Il Galata Morente e il vino

Ho cambiato look, mi piace farlo, ogni tanto: passato da uno stile anni ’70, con quadrati colorati, ad uno stile più sobrio, che permette la lettura di buona parte di ciò che ho scritto.

Lo spunto mi è venuto da una malintesa affermazione dell’amico Gabriele, che criticava siti con coloracci; il riferimento non era alla mia precedente versione, ma tant’è, m’è venuta voglia di cambiare.

Ho scelto, almeno temporaneamente, un’immagine che caratterizza il sito: il Galata morente, custodito ai Musei Capitolini, a Roma.

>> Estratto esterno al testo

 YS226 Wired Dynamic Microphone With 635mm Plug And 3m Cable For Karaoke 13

Inutile invitare alla visita di questo museo, già giustamente famoso senza bisogno che io lo sponsorizzi: i capolavori che custodisce permettono di vivere un’esperienza fantastica, come anche tante altre possibili in questo martoriato paese (non solo Roma, ma anche Palermo, Firenze, Siena, Lucca, Perugia, Parma, Bologna, Caldarola, San Gemignano, San Galgano, Sant’Antimo, Monte Oliveto maggiore, Assisi… potrei continuare ancora per non so quanto).

Il Galata morente perchè? manco a dirlo per la sua bellezza mozzafiato, per la compostezza di un uomo sconfitto, che perde libertà e vita con una dignità commovente, per il pathos che suscita nell’essenzialità della scena.

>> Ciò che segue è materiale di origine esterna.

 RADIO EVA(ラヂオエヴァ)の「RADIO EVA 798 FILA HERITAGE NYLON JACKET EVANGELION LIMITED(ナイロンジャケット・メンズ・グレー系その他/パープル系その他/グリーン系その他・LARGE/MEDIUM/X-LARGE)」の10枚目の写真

Aggiungo che una tale opera non può che essere il frutto di un enorme lavoro di elaborazione e realizzazione, insomma frutto di una tecnica che ha saputo trasformare un masso indistinto di marmo (l’originale era in bronzo, ma ciò poco importa) in una straordinaria rappresentazione di un’esperienza tragica come la sconfitta e la morte.

Il dottor Giacomo Contri ha parlato spesso dell’acino d’uva e del vino.

Non c’è niente di più artificiale (cioè non naturale) del vino, così come per il Galata: in entrambi i casi siamo di fronte a frutti del pensiero.

L’ignoto inventore del vino non è stato meno artista dello scultore del Galata: per apprezzare vino e Galata serve gusto, cioè pensiero.